May use a chisel or cab scraper, for the remaining glue.


----------



## Steve Neul (Sep 2, 2011)

I also wash off the excess glue off unless I will be running the glued board through a planer. Scraping the glue off doesn't get what penetrates into the wood and takes a lot of sanding to get below it. On some woods you can also have glue tear out chips of wood when scraping it off.


----------



## davester84 (Aug 28, 2012)

I usually remove clamps after 1-2hrs, scrape off glue, and then reapply clamps for another 18 hrs or so..... Haven't had any issues or any of the 30+ cutting boards I've done so far.


----------



## Al B Thayer (Dec 10, 2011)

I use all methods. Wet rag, chisel, my fav is a cabinet scraper. Let it dry and sand it out do my level best not to have much squeeze out.
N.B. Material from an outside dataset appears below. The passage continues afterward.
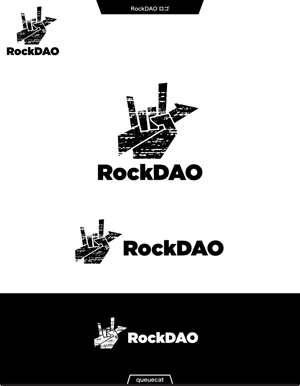 queuecat (queuecat)さんの仮想通貨コミュニティ「RockDAO」のロゴへの提案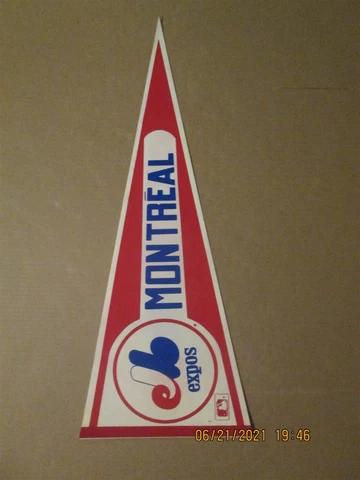 MLB Montreal Expos Vintage Defunct Circa 1980's Style#3 Logo Baseball Pennant Cover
You have to be careful when cleaning it off with a wet rag. You could be just smearing it around. 

Al


----------



## epicfail48 (Mar 27, 2014)

I let the glue set for 30-45 minutes in the clamps, then un-clamp and take care of squeezout, usually with a chisel. After that time, the glue has skinned over and it cleans up fairly well. At that time, the glue has also developed enough strength to hold everything together, though you shouldnt stress it for 24ish hours.

Ive never liked the damp cloth method for cleaning glue on the workpiece. Seems like a fantastic way to spread glue all over everything and mess up the finish. Cleaning a workbench however, the wet rag it my best friend


----------



## Passin Thru (Jan 29, 2015)

I use old credit cards and unused ones. Get them everyday in the mail it seems. They work well for scrapers.


----------



## Masterjer (Nov 6, 2012)

Passin Thru said:


> I use old credit cards and unused ones. Get them everyday in the mail it seems. They work well for scrapers.


They work great for glue spreaders too!


----------



## hwebb99 (Nov 27, 2012)

If your are running it through a planer the glue needs removed. I always use my drum sander to flatten a glue up. Fully cured glue doesn't hurt the sandpaper. Unless I used to much glue, I usually don't bother to remove squeeze out.


----------